* To do: Exact copies of the lines from the one with "Title details for" through the last line of the entries, and no pictures, make up the answer.

* Short descriptive text snippets:
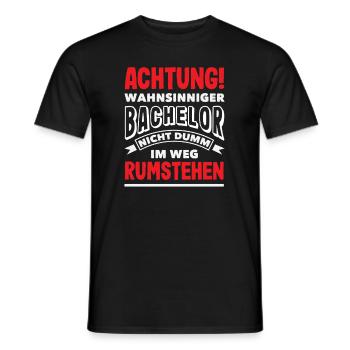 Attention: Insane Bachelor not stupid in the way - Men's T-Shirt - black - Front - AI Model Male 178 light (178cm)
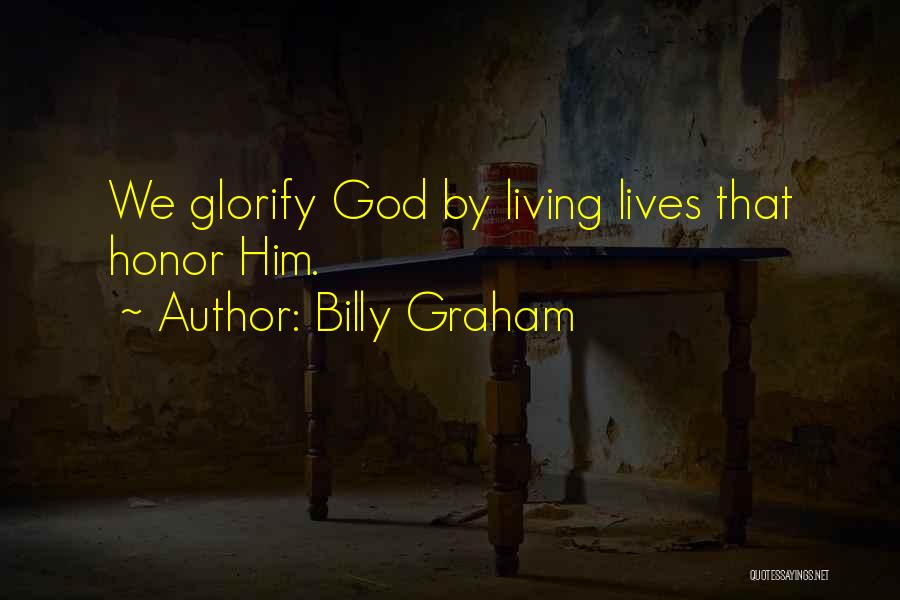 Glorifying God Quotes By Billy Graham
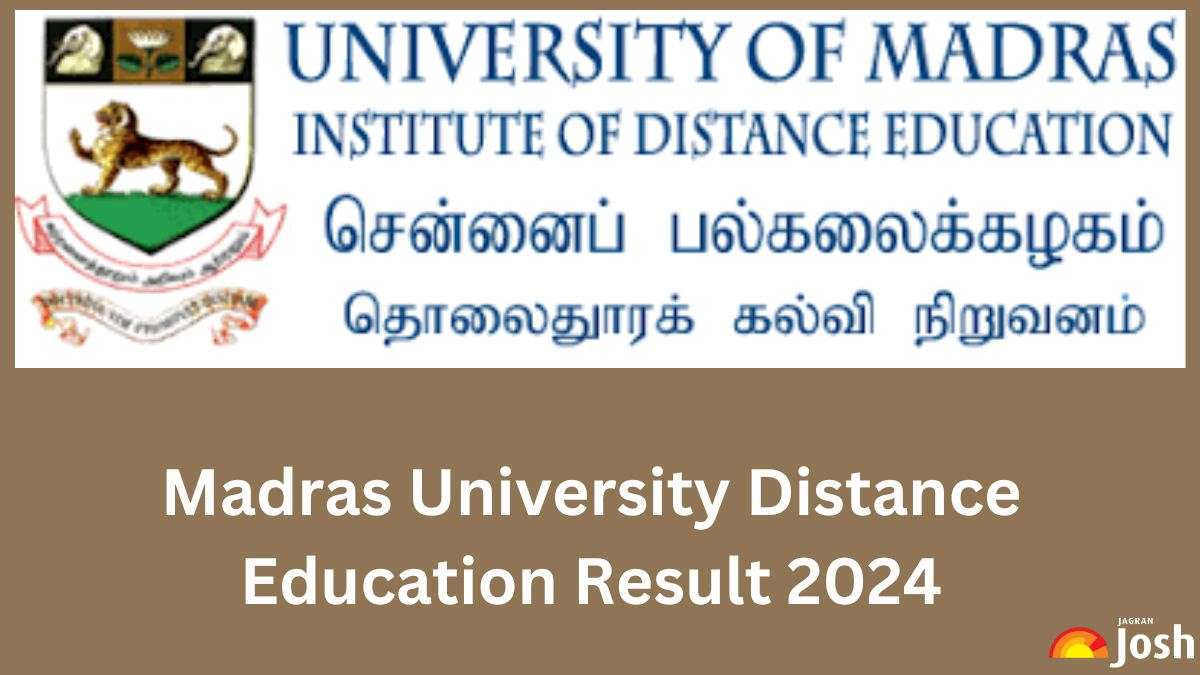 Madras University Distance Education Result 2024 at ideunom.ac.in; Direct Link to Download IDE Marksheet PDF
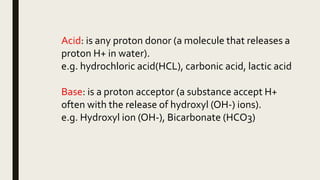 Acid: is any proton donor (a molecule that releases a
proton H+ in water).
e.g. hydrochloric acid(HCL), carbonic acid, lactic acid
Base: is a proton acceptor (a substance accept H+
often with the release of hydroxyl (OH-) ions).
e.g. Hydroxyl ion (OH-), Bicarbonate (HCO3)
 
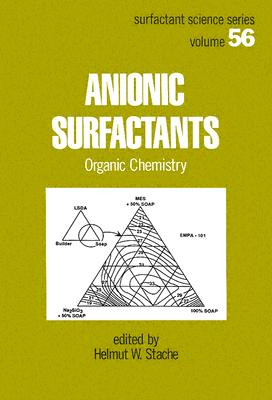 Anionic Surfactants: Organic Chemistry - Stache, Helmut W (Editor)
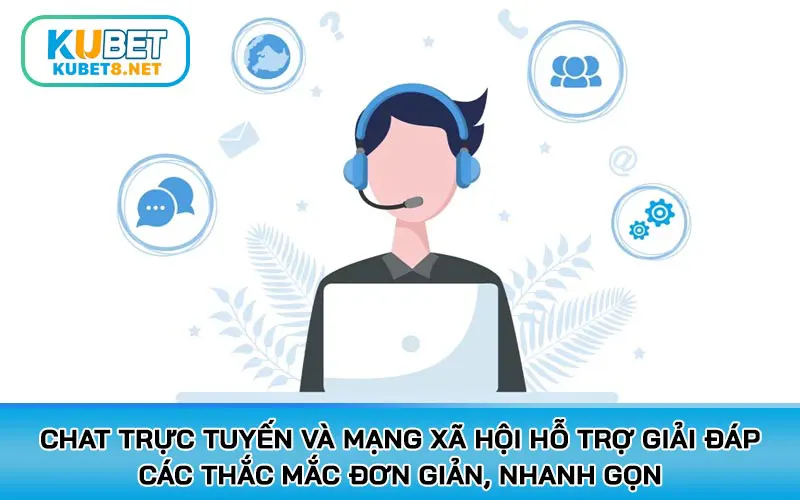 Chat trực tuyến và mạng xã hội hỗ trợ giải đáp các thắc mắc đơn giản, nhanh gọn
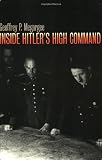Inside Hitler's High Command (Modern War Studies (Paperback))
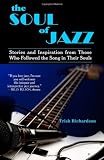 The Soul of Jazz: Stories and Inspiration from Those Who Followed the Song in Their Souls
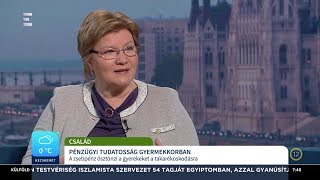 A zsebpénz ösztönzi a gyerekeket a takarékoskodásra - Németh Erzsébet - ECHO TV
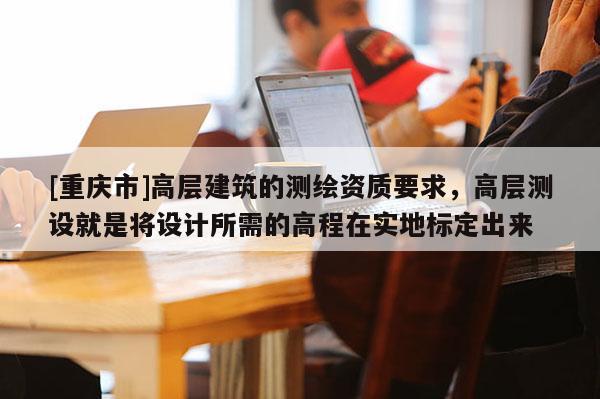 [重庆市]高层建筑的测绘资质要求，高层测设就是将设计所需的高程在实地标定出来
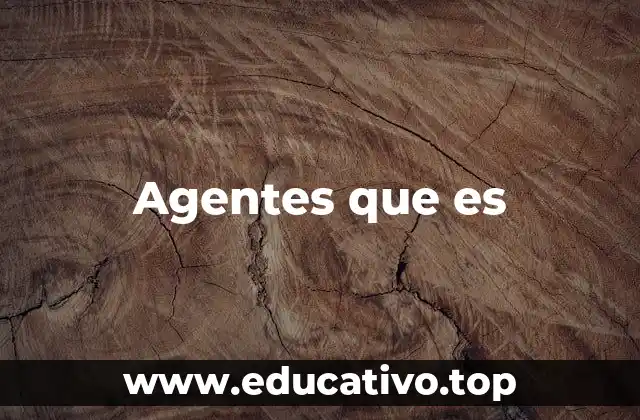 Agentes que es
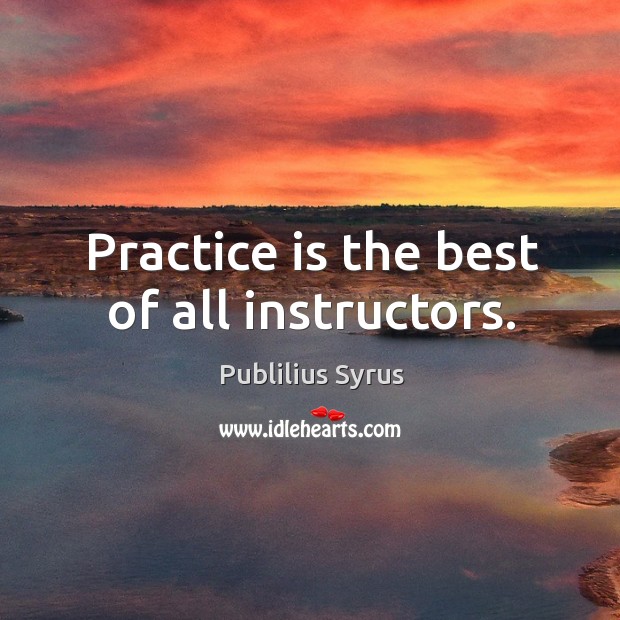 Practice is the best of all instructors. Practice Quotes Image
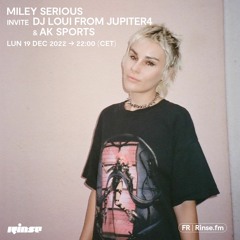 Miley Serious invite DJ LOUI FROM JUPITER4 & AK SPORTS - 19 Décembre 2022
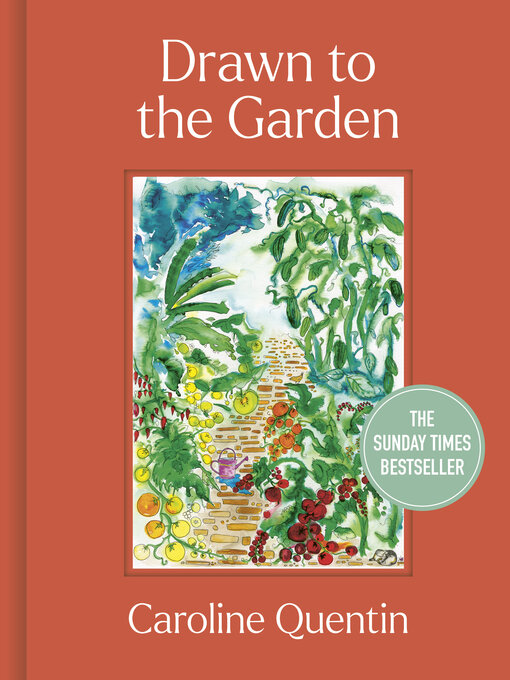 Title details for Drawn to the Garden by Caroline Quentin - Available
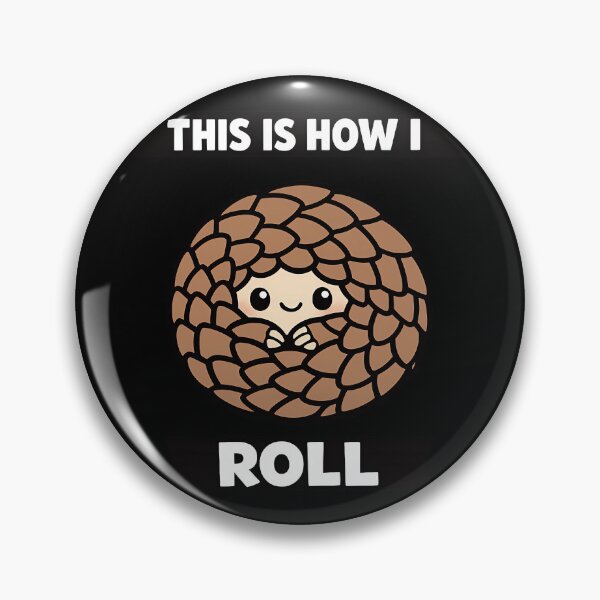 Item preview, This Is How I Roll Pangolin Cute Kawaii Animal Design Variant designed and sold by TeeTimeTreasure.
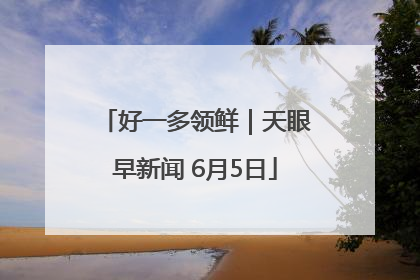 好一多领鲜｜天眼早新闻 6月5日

* Response below:
 Title details for Drawn to the Garden by Caroline Quentin - Available
 Item preview, This Is How I Roll Pangolin Cute Kawaii Animal Design Variant designed and sold by TeeTimeTreasure.
 好一多领鲜｜天眼早新闻 6月5日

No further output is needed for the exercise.